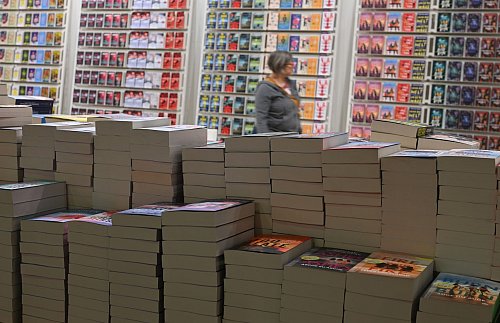 Oft seien Bücher eine Zeit lang besonders im Gespräch, was eine punktuelle kurzfristige Nachfrage erzeugt. - © Arne Dedert/dpa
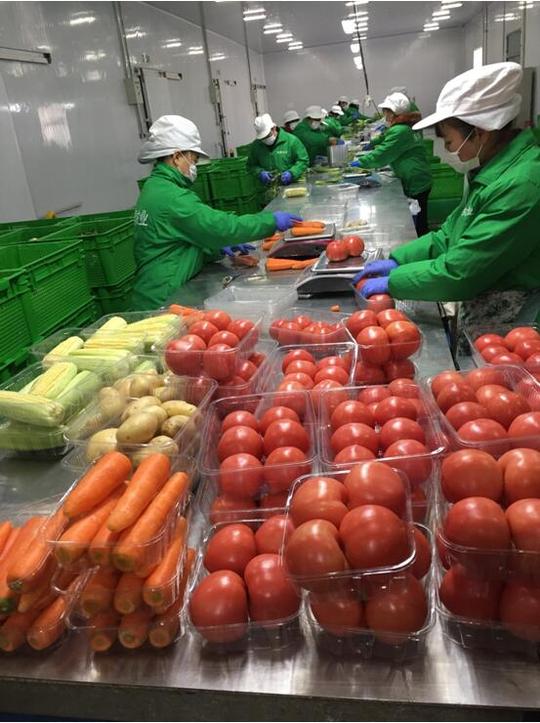 库房科技化,现代化等优势,实现蔬菜从基地到配送的无缝对接,缩短中间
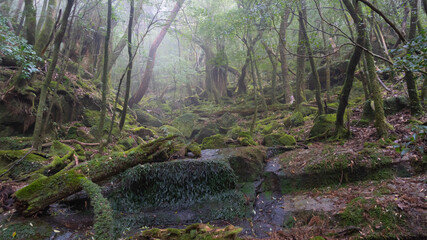 霧がかった森の中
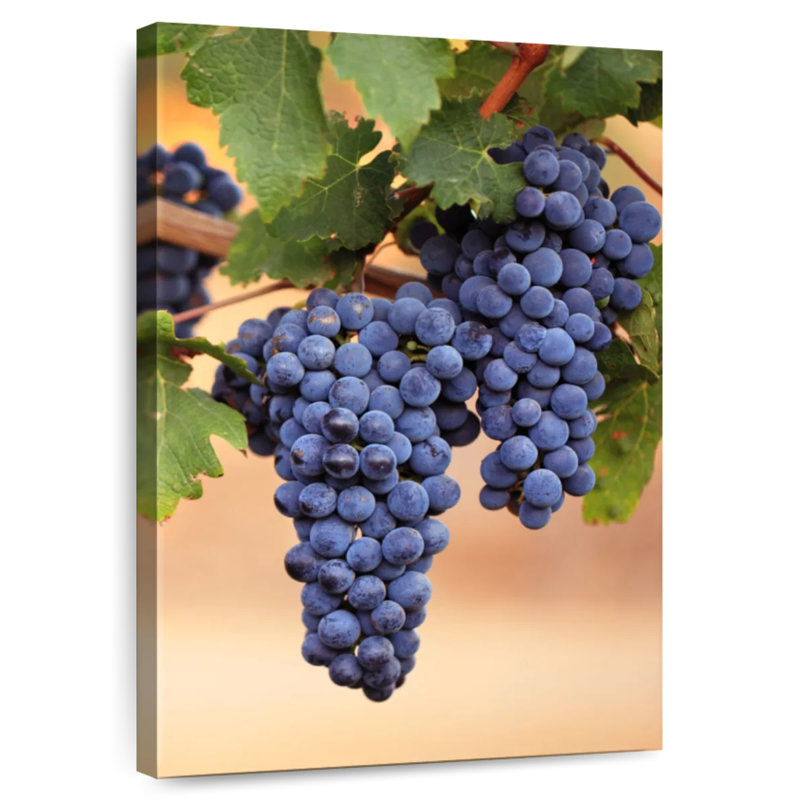 Yarlin raisins sur la vigne, H 24 po x l 16 po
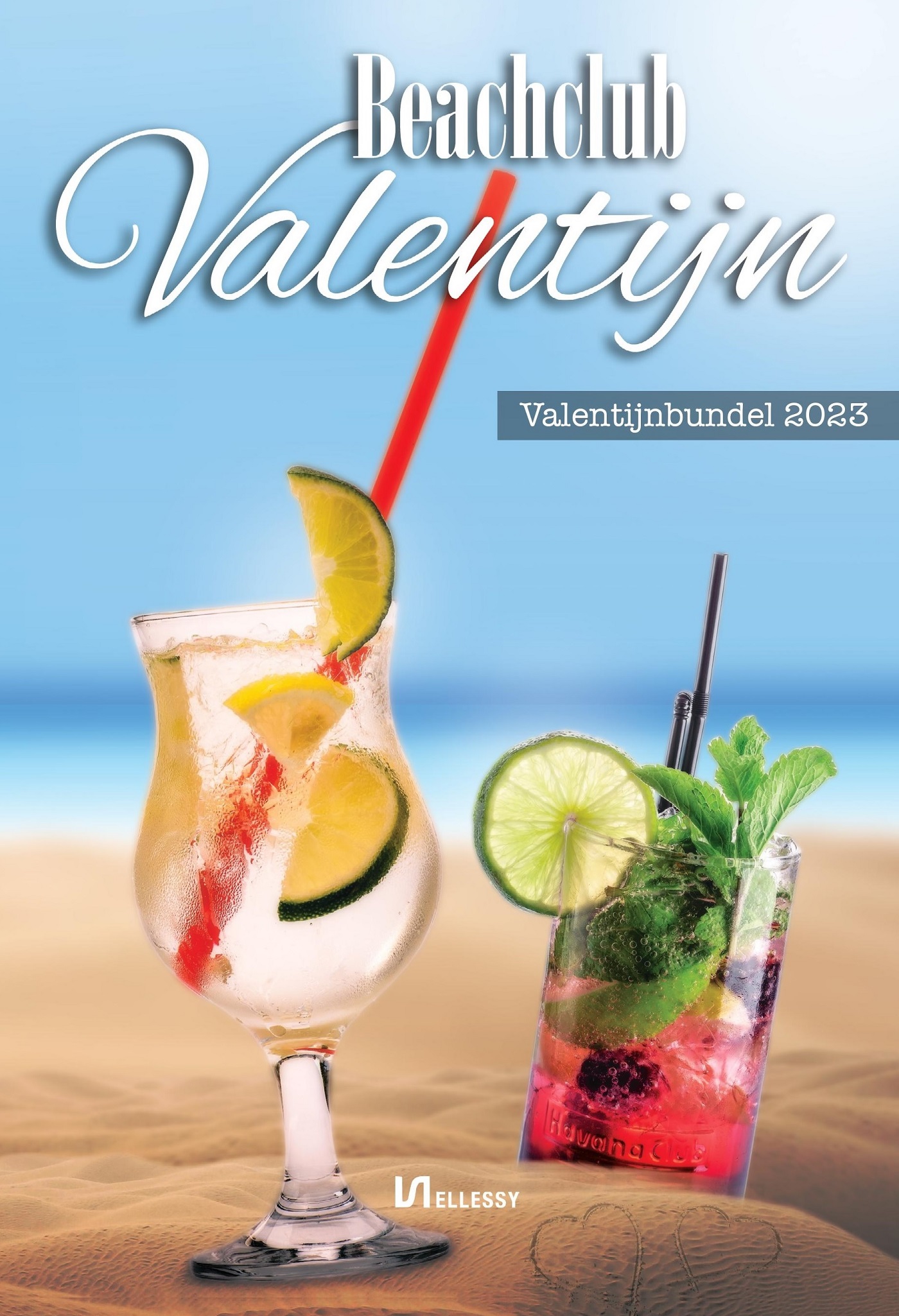 Omslag van Beachclub Valentijn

**********

> [TASK ITEM]:
The result is an exact copy of the lines from the one holding "库房科技化,现代化等优势,实现蔬菜从基地到配送的无缝对接,缩短中间" through the final line of the data above, both ends included, minus the pictures.

> [OUTPUT BELOW]:
 库房科技化,现代化等优势,实现蔬菜从基地到配送的无缝对接,缩短中间
 霧がかった森の中
 Yarlin raisins sur la vigne, H 24 po x l 16 po
 Omslag van Beachclub Valentijn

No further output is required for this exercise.